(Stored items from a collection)
# # # # # # #

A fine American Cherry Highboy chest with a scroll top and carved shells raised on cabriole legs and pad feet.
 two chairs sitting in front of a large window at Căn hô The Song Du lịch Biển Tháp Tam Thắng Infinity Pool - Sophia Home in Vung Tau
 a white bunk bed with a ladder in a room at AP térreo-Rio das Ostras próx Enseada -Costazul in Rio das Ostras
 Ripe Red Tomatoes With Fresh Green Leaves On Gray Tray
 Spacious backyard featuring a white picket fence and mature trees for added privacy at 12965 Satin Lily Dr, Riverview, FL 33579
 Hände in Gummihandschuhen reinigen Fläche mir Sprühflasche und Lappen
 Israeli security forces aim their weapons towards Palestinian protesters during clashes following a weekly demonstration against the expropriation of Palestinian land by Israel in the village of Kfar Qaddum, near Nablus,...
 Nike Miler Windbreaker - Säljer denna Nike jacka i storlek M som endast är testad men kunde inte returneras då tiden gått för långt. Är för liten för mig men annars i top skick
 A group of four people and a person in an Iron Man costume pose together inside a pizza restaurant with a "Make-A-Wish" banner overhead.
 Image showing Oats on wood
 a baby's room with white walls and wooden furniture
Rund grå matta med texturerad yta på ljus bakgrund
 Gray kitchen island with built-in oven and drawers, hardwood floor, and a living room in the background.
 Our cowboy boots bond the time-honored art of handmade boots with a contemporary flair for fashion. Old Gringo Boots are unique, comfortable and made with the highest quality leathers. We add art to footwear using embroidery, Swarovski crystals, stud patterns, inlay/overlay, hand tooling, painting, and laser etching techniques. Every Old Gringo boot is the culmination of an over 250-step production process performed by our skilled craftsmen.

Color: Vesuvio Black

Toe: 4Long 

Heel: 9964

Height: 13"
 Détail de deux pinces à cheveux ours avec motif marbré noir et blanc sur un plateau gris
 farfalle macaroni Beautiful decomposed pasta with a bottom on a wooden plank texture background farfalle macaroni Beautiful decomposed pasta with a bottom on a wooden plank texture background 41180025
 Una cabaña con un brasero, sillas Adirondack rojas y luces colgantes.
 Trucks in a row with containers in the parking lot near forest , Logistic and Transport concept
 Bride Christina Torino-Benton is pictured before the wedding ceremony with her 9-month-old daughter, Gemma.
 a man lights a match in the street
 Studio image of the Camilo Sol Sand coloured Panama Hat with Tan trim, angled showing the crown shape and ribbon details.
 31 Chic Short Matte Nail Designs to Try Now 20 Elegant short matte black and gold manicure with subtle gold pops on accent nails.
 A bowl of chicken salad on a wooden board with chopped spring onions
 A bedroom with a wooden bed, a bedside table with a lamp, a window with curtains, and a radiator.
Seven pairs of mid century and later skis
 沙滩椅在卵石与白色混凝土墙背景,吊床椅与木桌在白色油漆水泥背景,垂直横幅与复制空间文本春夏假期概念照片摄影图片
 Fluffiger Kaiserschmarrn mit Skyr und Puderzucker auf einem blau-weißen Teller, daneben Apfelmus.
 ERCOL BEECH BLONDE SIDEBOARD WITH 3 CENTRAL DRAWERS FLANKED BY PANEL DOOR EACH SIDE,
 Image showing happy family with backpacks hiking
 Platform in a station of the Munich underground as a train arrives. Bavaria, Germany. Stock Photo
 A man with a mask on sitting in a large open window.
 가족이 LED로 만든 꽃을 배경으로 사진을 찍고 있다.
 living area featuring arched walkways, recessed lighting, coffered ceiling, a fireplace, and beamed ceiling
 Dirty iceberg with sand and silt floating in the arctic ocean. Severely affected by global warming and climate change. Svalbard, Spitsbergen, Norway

# # # # # # #

**EXERCISE AIM:** Above are some lines. Repeat exactly, and only, those from the line that has "沙滩椅在卵石与白色混凝土墙背" through the line that has "Platform in a".

**ANSWER SPACE:**
 沙滩椅在卵石与白色混凝土墙背景,吊床椅与木桌在白色油漆水泥背景,垂直横幅与复制空间文本春夏假期概念照片摄影图片
 Fluffiger Kaiserschmarrn mit Skyr und Puderzucker auf einem blau-weißen Teller, daneben Apfelmus.
 ERCOL BEECH BLONDE SIDEBOARD WITH 3 CENTRAL DRAWERS FLANKED BY PANEL DOOR EACH SIDE,
 Image showing happy family with backpacks hiking
 Platform in a station of the Munich underground as a train arrives. Bavaria, Germany. Stock Photo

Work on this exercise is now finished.